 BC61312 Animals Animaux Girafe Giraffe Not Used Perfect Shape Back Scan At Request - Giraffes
^^^^
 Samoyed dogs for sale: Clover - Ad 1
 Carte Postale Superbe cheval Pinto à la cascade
^^^^
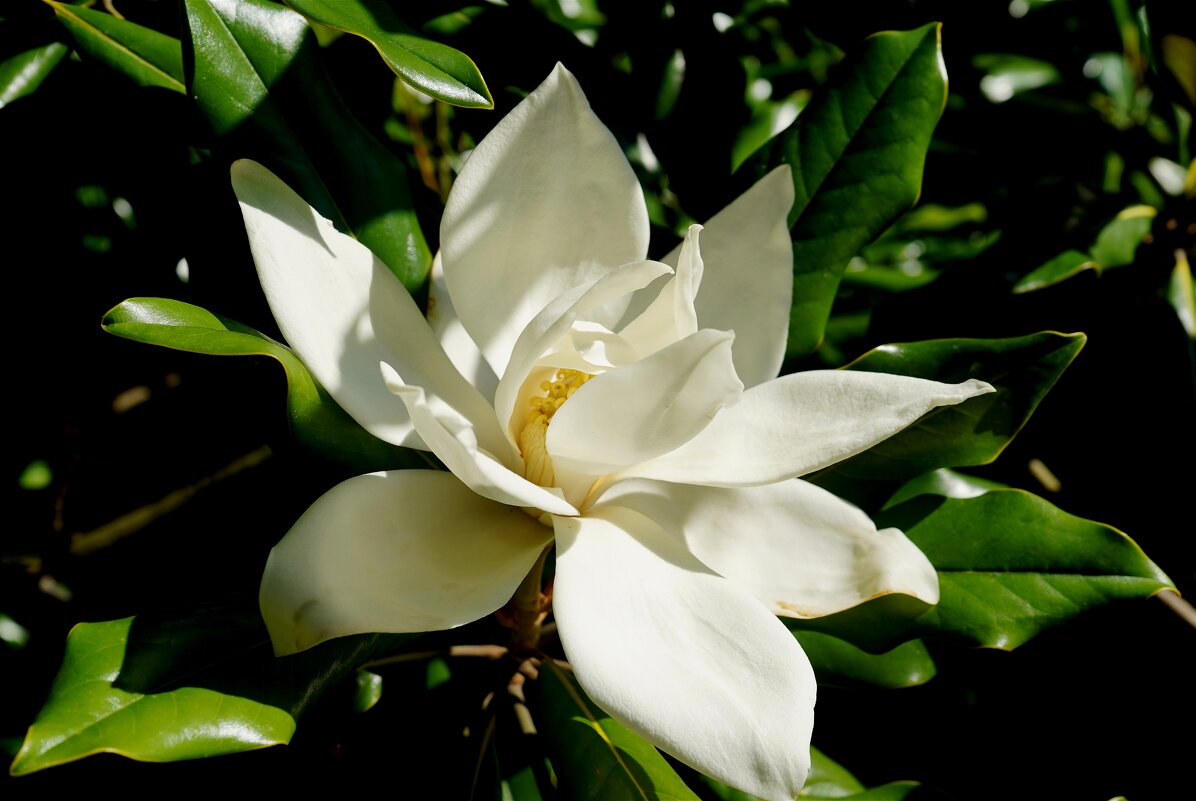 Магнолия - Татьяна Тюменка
^^^^
Referring to the material above, set down exactly the lines between the line with "Samoyed dogs for sale: Clover - Ad 1" and the line with "Carte Postale Superbe", inclusive, and no other lines.

 Samoyed dogs for sale: Clover - Ad 1
 Carte Postale Superbe cheval Pinto à la cascade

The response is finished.